Remark. Actually, we can prove this a nicer way. Partition \([n]\) based on \(\gcd(x,n)\). For each \(d\mid n,\) the number of \(x\) with \(\gcd(x,n) = d\) is \(\phi(n/d)\). Thus we have \[n = \sum_{d\mid n}\phi(n/d)=\sum_{d\mid n}\phi(d).\]
Theorem. The multiplicative group of \(\mathbb{F}_p\) is cyclic.
In fact, this is true of any finite field by a similar proof.

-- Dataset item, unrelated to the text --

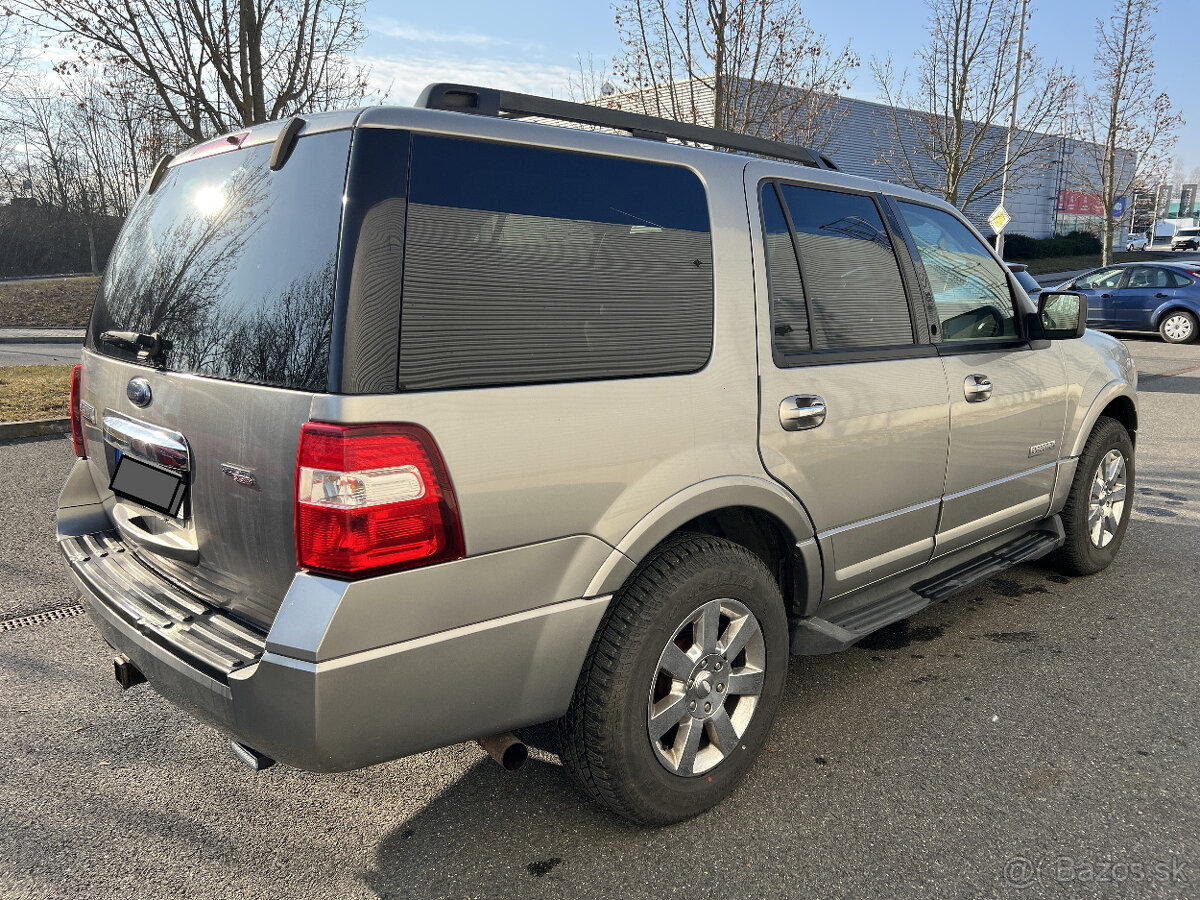 Ford Expedition XLT 5.4 V8, 4x4, 1.majitel, 67 000 km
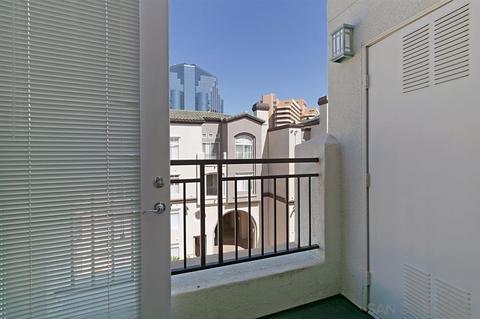 9237 Regents Rd #K401, La Jolla, CA 92037 photo 17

Proof. For each \(d|p-1\), there are at most \(\phi(d)\) elements of \(\mathbb{F}_p\) which have order \(d\). Thus, by the lemma above, for each \(d|p-1\) there are exactly \(\phi(d)\) elements of \(\mathbb{F}_p\) with order \(d\). In particular, \(\phi(p-1)>0\), so there is some element with order \(p-1\), i.e. a generator.